> Task brief
Begin at the line with "Porte-clés en peluche" and set down each line exactly until the listing ends. Images stay out.

> Material provided
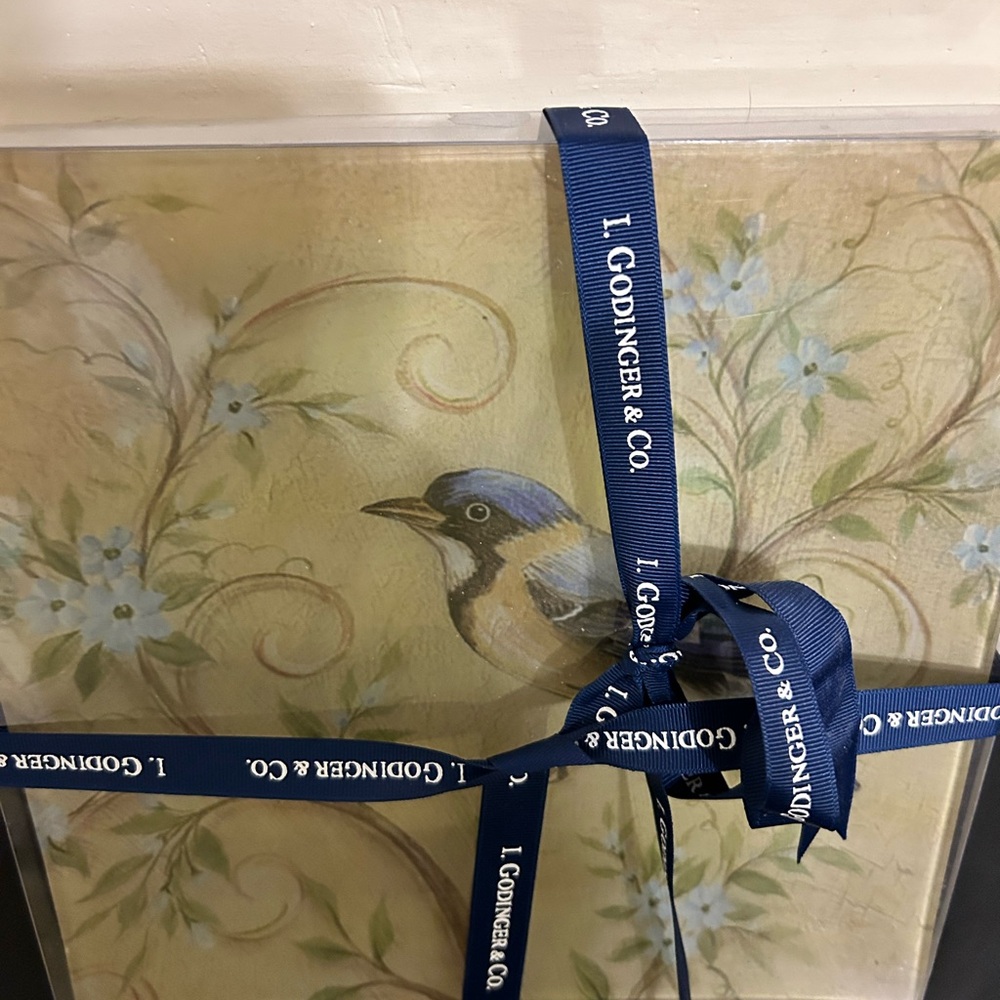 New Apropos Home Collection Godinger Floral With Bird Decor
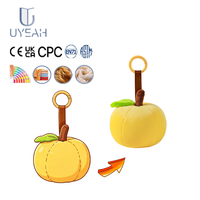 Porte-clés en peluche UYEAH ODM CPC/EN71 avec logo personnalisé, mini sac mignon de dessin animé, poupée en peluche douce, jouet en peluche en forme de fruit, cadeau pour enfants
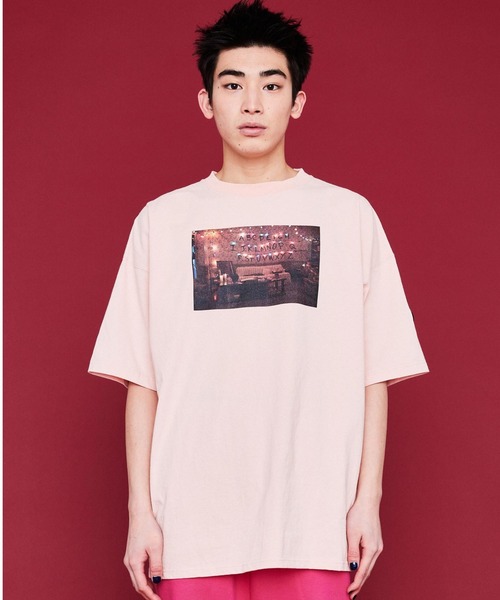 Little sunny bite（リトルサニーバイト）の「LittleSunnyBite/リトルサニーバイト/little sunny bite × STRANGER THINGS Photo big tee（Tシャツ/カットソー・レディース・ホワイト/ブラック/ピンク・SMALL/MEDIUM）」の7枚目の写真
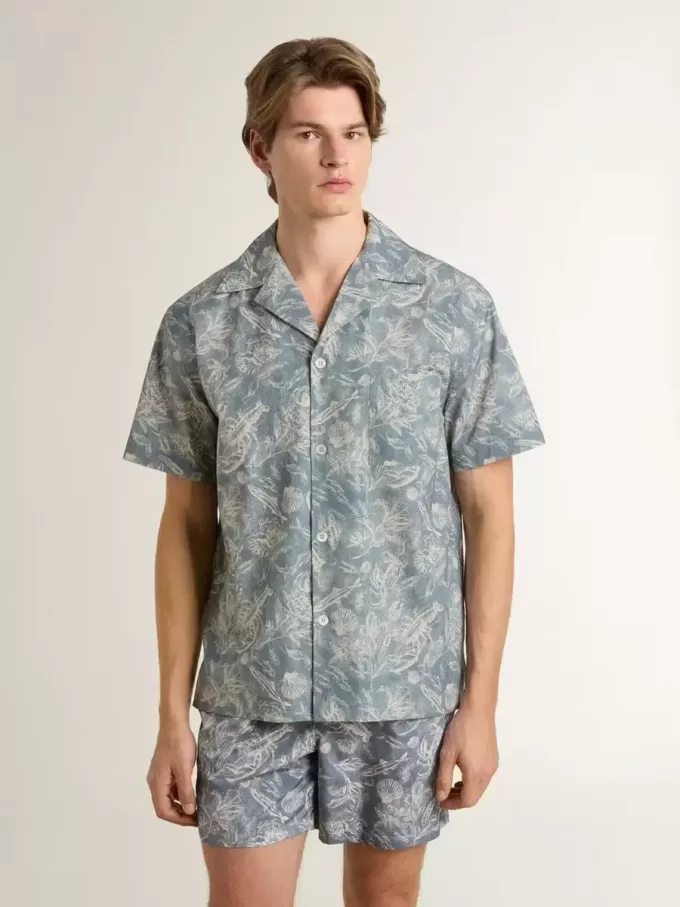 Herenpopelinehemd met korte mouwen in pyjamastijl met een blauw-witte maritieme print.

> Task solution
 Porte-clés en peluche UYEAH ODM CPC/EN71 avec logo personnalisé, mini sac mignon de dessin animé, poupée en peluche douce, jouet en peluche en forme de fruit, cadeau pour enfants
 Little sunny bite（リトルサニーバイト）の「LittleSunnyBite/リトルサニーバイト/little sunny bite × STRANGER THINGS Photo big tee（Tシャツ/カットソー・レディース・ホワイト/ブラック/ピンク・SMALL/MEDIUM）」の7枚目の写真
 Herenpopelinehemd met korte mouwen in pyjamastijl met een blauw-witte maritieme print.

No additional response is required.